La décision de Sarkozy de supprimer la publicité à la télévision est sans conteste dictée par des considérations de copinage pour son ami Bouygues - les recettes publicitaires de France-Télévision devant se reporter sur la chaîne du roi du béton. Mais ces considérations ne sont peut-être pas les plus importantes. Il s’agit clairement, en privant les chaînes publiques de ressources propres, de renforcer et le poids du privé et le contrôle de l’État sur la télévision publique. Le mini-scandale provoqué par la décision de faire nommer le PDG de la télévision par le président de la république et non plus par le CSA prélude à la disparition pure et simple de cet organe.

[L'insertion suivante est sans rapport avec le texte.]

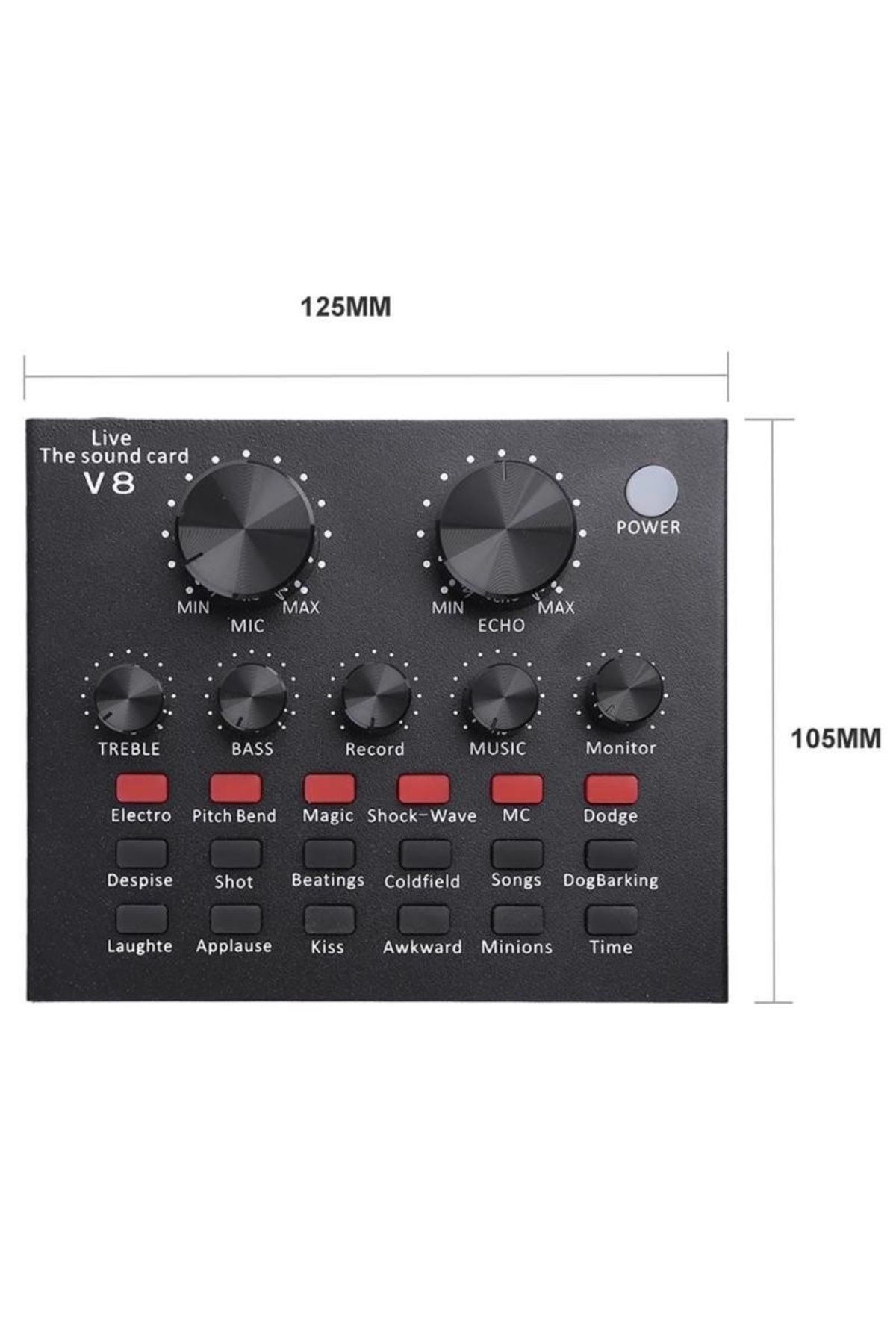 TECHSTAR-® V8 Webcast Sound Card, Usb Audio Interface, Black 3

Pourtant, là encore, la transformation de Sarkozy en super-diable n’est qu’une opération d’enfumage. La dislocation du service public de la télévision, entamée par Giscard qui fait éclater l’ORTF, est poursuivie par Mitterrand avec la création de la première chaîne privée, Canal Plus, une entreprise montée par l’ami du président, André Rousselet. La création de la « Cinq », une chaîne « strass et paillettes » de la pire espèce, confiée à Berlusconi (qui, à l’époque était l’ami du socialiste italien Craxi) vient compléter l’œuvre de la gauche en matière audiovisuelle.

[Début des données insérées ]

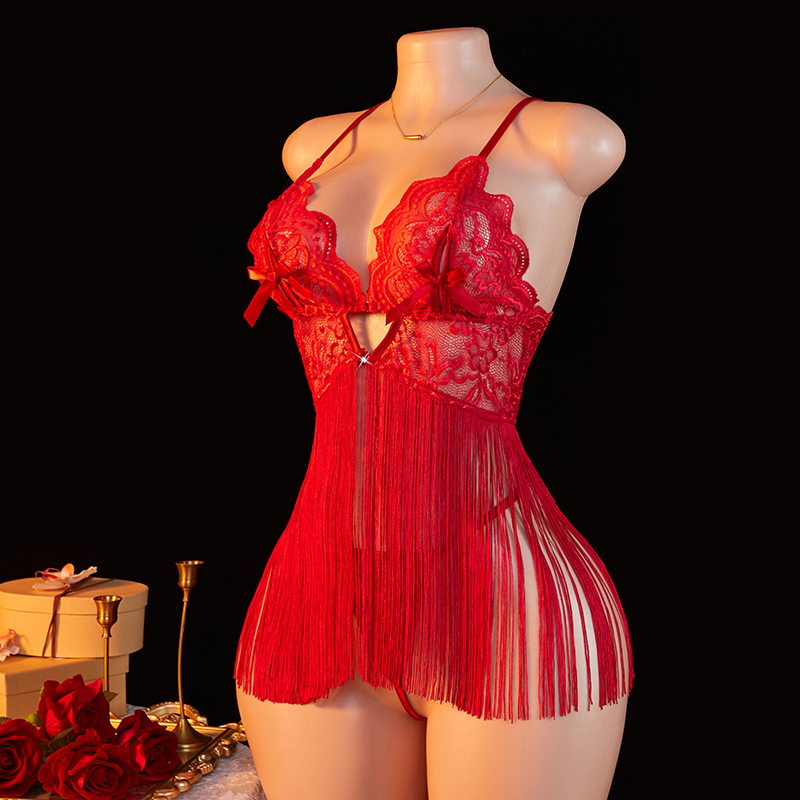 Transparent Lace Women Red Str - Lace Bralette Set 리뷰 및 가격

Le gouvernement Jospin qui avait promis de mettre fin à la publicité dans le service public s’en est bien gardé et, sous la direction d’une fidèle mitterrandienne, Laure Adler, même France-Culture a été soumise à des critères d’audimat et a subi un début de « normalisation » pour la rendre conforme aux formatages de l’univers médiatique - par exemple par le remplacement des créations radiophoniques par des émissions de « débats » avec des journalistes des grands médias. Évidemment , à côté de la loi sur le temps de travail, la télé paraît secondaire. Mais le diable se cache dans les détails, dit le proverbe. ***

En conclusion, l’étranglement de la loi la plus fondamentale, celle de la limitation du temps de travail, est l’œuvre conjointe de la gauche et de la droite. La gauche a tissé la corde et noué le nœud que Sarkozy vient de passer autour du cou des salariés. Marx considérait que la question centrale de l’affrontement capital/travail est précisément cette question de la limitation légale de la journée de travail [3] et ce n’est nullement un hasard si Sarkozy abroge la limitation légale du travail au moment où le PS dans sa nouvelle déclaration de principes renonce officiellement à toute référence non seulement à la lutte des classes, au socialisme, mais même à la défense des intérêts des travailleurs.